ABOUT THIS TASK: Please copy the data exactly as it stands, minus the images.

INPUT DATA:
Start of Block

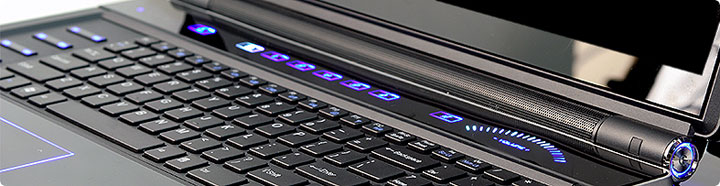Touch Sensor Control Panel
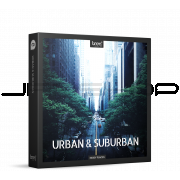 BOOM Library: Urban & Suburban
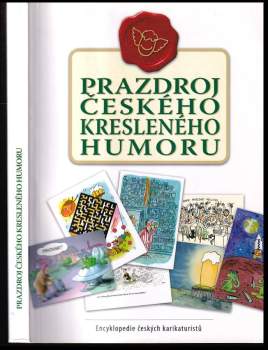 Prazdroj českého kresleného humoru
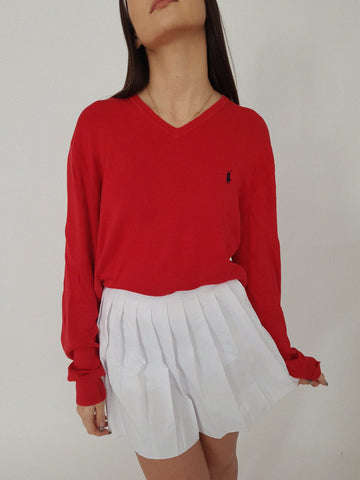 RALPH LAUREN // KNIT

End of Block

SOLUTION TO THIS PROBLEM:
Touch Sensor Control Panel
 BOOM Library: Urban & Suburban
 Prazdroj českého kresleného humoru
 RALPH LAUREN // KNIT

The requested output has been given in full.